C iò nonostante Nevio, sostenuto da uno schieramento che si faceva di giorno in giorno più ampio, si spinse a indicare in lui, nell’Africano, «un politico che voleva farsi dittatore». Anzi: a prendere per buono quest’ultimo decisivo capo di imputazione, per Nevio Scipione era già diventato un «despota». Il tribuno lo accusava, riferisce Livio, di essersi mosso «soltanto per mostrare chiaramente alla Grecia, all’Asia e a tutti i popoli d’Oriente ciò di cui ormai da tempo erano convinte la Spagna, la Gallia, la Sicilia e l’Africa, cioè che un uomo solo era il capo e l’architrave del dominio romano, che la città signora del mondo spariva sotto l’ombra di Scipione, che i suoi cenni prendevano il posto dei decreti del Senato e delle decisioni del popolo». Qui ritroviamo Scipione come un uomo «smarrito», secondo Breccia, «nel labirinto della politica romana, senza più riuscire a essere utile né a se stesso né alla repubblica che aveva finito per temerlo più di quanto non lo avesse amato».
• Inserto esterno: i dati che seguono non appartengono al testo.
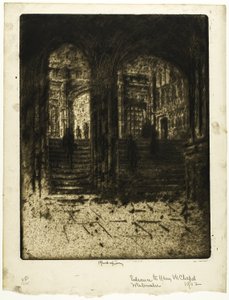 Entrée de la chapelle Henry VII, Westminster - Joseph Pennell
Contro di lui furono assestati colpi durissimi che gli provocarono un’amarezza senza limiti dato che — come è definitivamente accertato — «aveva sempre evitato di forzare la costituzione». Semmai, unica sua colpa individuabile, era stato eccessivamente indulgente verso i propri familiari. Inoltre, secondo Breccia, peccò anche «per ingenuità, tracotanza, eccesso di fiducia nel prestigio di cui godeva presso i concittadini». Ma, giunta l’ora della verità, Scipione decise di non rispondere alle accuse. Si produsse invece in un colpo di scena: ricordò agli astanti che quel giorno cadeva l’anniversario di Zama e li invitò a seguirlo sul Campidoglio, dove avrebbe reso omaggio a Giove Ottimo Massimo. Cosa che tutti fecero. Quel gesto, invece che solo un escamotage per sottrarsi alle imputazioni, fu considerato (e forse voleva esserlo) un atto di resa. E non gli giovò. Resosene conto, dopo quella cerimonia, Scipione lasciò Roma, si ritirò nella sua villa di Literno dove poco tempo dopo, all’età di 52 anni, morì (183 a.C.). Al suo decesso nessuno volle ricordare che era stato merito suo se «le legioni avevano iniziato a trasformarsi nel migliore esercito del mondo antico». E non si parlò neanche del fatto che «grazie alle sue vittorie il dominio di Roma si era ormai esteso su tre continenti». In compenso — se vogliamo dire così — saltò del tutto anche il processo per il «tradimento» in complicità con Antioco. Dopodiché, i suoi avversari, fa osservare Breccia non senza perfidia, «raggiunto lo scopo, lasciarono cadere le accuse». Come, da allora in poi, è sempre accaduto.